Assignment | Pictures aside, repeat the listing below exactly.

Collected material |
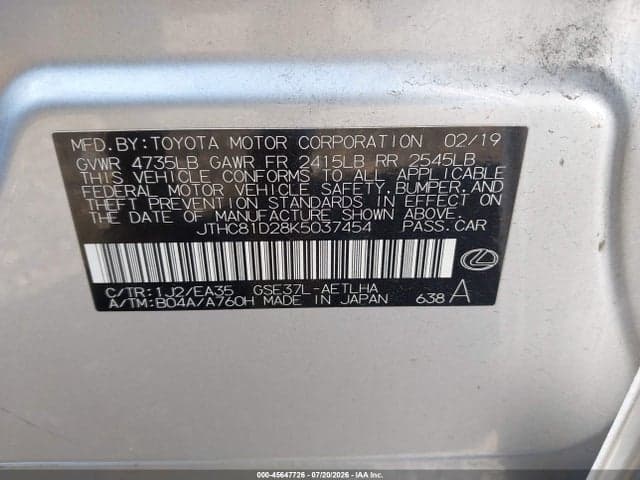 2019 LEXUS IS 300 9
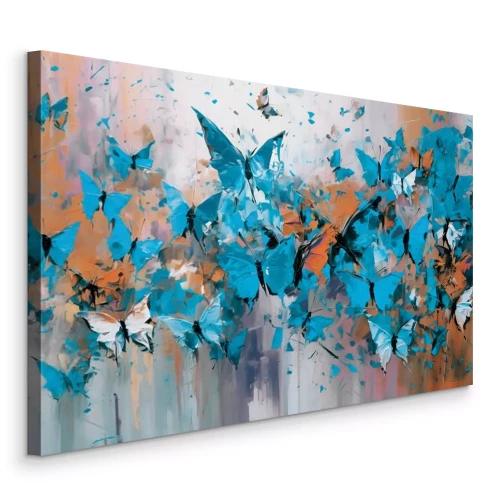 Canvas Subtiele aquarelvlinders in beweging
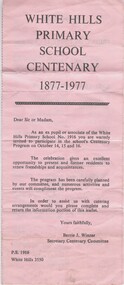 Document - PROGRAM AND APPLICATION FORM (WHITE HILLS PRIMARY SCHOOL CENTENARY), 1977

Reply to the exercise |
 2019 LEXUS IS 300 9
 Canvas Subtiele aquarelvlinders in beweging
 Document - PROGRAM AND APPLICATION FORM (WHITE HILLS PRIMARY SCHOOL CENTENARY), 1977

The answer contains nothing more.